Канашова также одолевали мысли. Он теперь не сомневался, что любит только ее и может любить только такую женщину-друга. Мать Наташи оставила в его сердце добрый след. Простая, ласковая подруга жизни, она делила с ним и радости и невзгоды, но слишком коротким было их семейное счастье. И многим хорошим Нина напоминала ему сейчас первую жену. Была и вторая жена, но о ней и вспоминать неохота, как о тяжелой болезни. И вот судьба свела его на дорогах войны с Ниной. С явным недоверием и даже презрением встретил он ее: «Тоже красивая, как та артистка!…» Но она задела, его за живое и тем, что спасла ему в окружении жизнь, и своим независимым поведением, честностью и самоотверженностью. И хотя она по характеру бывает порой задиристой без причины и даже капризной, но даже эти слабости никогда не вызывали в нем чувства противоречия, а только возбуждали одно чувство - прощения. У Нины ясные, правдивые глаза.

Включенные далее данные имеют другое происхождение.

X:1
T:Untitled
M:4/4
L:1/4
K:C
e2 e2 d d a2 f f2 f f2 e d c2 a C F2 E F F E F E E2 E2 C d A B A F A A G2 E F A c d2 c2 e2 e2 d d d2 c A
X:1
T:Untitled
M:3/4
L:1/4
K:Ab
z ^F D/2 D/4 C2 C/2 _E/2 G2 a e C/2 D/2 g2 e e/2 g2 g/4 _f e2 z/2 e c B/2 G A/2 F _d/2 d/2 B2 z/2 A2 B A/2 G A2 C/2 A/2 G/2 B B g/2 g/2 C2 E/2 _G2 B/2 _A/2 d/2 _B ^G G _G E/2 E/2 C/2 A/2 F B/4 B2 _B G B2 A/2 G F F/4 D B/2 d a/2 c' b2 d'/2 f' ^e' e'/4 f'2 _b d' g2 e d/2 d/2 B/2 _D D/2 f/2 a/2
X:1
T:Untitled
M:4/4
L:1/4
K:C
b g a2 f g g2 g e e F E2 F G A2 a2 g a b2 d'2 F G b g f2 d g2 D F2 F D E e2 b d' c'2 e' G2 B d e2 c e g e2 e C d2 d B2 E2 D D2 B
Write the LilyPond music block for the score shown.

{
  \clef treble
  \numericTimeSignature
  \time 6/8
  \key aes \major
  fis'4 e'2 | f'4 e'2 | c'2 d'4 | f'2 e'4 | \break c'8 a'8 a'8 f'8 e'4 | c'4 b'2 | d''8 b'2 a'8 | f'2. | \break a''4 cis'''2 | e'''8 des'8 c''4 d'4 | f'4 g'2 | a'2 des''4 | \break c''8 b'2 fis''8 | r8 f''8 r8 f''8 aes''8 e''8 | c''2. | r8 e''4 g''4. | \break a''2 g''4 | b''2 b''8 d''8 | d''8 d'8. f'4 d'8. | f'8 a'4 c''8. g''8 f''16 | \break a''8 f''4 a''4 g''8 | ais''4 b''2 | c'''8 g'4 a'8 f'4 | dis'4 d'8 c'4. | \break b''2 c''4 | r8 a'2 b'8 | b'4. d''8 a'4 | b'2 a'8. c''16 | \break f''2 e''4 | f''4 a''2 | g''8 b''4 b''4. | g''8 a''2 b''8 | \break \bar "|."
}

По ним он всегда может узнать, о чем она думает, что ее огорчает или радует. В них он, как в перископ, видел ее душу. Доверяя ему, она открывала честно свое сердце, не оставляя в нем темных закоулков. А сердце у нее было большое и щедрое. И любила она и ненавидела всей душой, отдаваясь своим чувствам сполна. Он очнулся, бережно и властно положил свою руку на плечо Аленцовой, как будто она собиралась уходить от него куда-то, а он не допускал и мысли о том.
- Не отпущу тебя, Нина. Никогда. И не думай…
Она обвила его шею молча горячими руками. И тут только они заметили, что мотор перестал шуметь, а шофер сидел и покорно ждал.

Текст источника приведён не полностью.